Determine whether the sequence converges or diverges. If it converges, find the limit. (If an answer does not exist, enter DNE.)
An = cos(n/8)
since cos(x) oscillates between 1 and -1, the sequence does not converge. As n/8 comes arbitrarily close to multiples of pi, cos(n/8) will get close to 1 or -1.
Well, my friend, the sequence An = cos(n/8) is quite an amusing one. Let's see if it converges or diverges.
Now, as we know, the cosine function oscillates between -1 and 1 as n increases. So, if we plug in any positive integer n into the function, we'll get a value between -1 and 1.
Therefore, since the cosine function never settles down to a specific value, the sequence An = cos(n/8) diverges. It's like a never-ending circus act with the clown jumping back and forth between -1 and 1!
So, the limit of this sequence does not exist (DNE). It's like trying to catch a clown that keeps slipping away from your hands. Tricky, isn't it?
To determine whether the sequence converges or diverges, we'll first observe the behavior of the cosine function as n approaches infinity.
The cosine function oscillates periodically between -1 and 1 as the input increases. Since the input of our sequence, n/8, increases without bound as n approaches infinity, the cosine values will continue to oscillate.

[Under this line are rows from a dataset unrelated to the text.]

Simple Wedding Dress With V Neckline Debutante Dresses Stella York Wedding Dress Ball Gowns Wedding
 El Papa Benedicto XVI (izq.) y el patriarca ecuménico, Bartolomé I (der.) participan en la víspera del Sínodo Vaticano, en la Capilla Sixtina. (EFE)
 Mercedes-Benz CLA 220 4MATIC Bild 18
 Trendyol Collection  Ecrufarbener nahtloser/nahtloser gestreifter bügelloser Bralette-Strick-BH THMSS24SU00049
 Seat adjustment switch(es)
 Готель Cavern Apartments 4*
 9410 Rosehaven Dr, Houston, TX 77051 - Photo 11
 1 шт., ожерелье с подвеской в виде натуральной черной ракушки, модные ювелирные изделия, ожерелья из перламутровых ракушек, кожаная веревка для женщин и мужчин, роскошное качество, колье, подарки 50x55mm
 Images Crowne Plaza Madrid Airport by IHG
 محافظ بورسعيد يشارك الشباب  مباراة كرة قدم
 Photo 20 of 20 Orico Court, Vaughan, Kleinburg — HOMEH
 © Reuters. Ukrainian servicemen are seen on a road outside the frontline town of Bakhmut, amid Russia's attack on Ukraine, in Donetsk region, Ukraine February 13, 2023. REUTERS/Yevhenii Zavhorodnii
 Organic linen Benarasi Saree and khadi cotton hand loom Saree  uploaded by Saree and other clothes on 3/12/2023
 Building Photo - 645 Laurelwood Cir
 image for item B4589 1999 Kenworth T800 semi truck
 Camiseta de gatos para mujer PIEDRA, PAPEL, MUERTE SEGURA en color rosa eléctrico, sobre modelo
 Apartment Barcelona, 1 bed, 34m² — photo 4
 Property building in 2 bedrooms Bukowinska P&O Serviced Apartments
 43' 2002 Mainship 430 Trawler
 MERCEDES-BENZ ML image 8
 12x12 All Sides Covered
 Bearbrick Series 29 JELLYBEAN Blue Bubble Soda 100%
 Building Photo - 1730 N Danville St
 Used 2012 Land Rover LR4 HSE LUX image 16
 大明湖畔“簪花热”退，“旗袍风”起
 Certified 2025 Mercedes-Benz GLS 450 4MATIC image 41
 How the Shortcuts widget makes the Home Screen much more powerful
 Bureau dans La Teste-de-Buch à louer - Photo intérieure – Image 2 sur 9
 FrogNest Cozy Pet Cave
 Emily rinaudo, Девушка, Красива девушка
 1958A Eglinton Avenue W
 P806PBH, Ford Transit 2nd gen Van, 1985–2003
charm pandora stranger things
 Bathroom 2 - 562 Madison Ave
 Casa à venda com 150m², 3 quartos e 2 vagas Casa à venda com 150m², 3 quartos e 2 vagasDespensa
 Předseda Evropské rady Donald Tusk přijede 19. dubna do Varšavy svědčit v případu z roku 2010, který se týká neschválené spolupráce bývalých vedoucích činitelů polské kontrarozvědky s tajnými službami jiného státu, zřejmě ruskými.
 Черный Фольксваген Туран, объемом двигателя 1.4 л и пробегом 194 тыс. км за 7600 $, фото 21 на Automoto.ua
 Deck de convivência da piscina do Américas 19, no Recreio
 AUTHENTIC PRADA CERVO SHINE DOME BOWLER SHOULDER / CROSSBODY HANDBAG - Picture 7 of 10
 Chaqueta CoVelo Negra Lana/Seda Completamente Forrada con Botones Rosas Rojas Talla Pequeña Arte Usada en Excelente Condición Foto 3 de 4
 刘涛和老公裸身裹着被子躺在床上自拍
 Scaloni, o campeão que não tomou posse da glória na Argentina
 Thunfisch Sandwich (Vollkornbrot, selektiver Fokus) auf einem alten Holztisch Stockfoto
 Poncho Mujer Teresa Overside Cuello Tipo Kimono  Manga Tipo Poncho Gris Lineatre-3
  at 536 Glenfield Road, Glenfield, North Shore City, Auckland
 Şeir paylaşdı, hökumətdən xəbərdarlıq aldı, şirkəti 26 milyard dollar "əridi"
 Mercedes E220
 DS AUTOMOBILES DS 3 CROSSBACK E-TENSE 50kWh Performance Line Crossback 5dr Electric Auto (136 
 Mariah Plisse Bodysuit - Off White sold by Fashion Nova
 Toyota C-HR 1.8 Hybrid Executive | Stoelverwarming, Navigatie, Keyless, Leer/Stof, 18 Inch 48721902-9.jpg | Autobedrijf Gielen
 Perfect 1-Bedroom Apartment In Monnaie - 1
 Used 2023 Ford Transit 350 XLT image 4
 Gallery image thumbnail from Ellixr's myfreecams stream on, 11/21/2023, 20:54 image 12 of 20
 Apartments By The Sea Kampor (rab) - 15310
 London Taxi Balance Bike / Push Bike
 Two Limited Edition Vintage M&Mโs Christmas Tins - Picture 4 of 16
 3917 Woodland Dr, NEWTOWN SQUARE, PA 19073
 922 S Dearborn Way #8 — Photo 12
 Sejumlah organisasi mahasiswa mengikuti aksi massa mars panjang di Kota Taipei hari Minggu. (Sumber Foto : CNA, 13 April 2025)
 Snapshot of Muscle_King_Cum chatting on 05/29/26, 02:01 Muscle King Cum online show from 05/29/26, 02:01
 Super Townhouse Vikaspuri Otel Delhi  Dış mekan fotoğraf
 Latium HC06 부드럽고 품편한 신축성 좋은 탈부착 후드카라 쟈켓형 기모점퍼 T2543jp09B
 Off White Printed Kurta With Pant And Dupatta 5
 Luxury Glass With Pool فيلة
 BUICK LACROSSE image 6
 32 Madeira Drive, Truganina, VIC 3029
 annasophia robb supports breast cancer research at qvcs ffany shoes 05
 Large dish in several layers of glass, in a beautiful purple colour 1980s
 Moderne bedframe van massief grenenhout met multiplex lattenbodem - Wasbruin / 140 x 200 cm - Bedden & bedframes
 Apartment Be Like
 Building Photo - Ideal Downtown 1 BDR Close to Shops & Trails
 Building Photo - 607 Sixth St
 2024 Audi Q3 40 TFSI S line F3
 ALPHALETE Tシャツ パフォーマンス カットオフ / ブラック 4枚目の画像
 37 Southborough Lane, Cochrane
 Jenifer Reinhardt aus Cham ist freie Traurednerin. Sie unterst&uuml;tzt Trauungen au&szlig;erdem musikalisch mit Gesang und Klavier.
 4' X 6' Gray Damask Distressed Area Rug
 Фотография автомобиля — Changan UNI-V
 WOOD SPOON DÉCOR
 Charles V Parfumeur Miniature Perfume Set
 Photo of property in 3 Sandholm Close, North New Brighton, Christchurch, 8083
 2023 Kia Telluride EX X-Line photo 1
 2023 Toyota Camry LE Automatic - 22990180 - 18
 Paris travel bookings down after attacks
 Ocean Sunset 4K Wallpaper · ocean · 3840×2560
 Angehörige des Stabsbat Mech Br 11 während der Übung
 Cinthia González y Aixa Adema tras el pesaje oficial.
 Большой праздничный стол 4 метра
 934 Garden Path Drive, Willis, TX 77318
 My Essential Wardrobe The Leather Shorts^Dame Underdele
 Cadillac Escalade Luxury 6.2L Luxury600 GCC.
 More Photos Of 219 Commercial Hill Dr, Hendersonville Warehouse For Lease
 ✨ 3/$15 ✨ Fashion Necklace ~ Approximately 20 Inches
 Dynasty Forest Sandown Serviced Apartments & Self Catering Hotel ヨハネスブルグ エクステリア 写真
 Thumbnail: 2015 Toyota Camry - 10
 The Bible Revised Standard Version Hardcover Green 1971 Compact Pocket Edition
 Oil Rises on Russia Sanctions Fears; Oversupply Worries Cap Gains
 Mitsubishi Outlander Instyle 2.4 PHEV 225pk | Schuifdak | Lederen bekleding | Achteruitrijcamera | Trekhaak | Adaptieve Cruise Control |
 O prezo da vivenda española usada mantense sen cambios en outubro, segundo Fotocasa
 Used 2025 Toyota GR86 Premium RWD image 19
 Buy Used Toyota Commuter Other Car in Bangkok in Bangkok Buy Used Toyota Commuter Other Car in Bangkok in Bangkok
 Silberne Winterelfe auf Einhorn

Therefore, the sequence does not converge. The limit does not exist.
To determine whether the sequence {An} = cos(n/8) converges or diverges, we need to check if the limit exists.
First, we know that the cosine function oscillates between -1 and 1. As n takes on increasingly larger values, the argument n/8 increases without bound. Since cosine oscillates indefinitely, it does not converge as n approaches infinity. Therefore, the sequence diverges.
Hence, we can conclude that the sequence An = cos(n/8) diverges.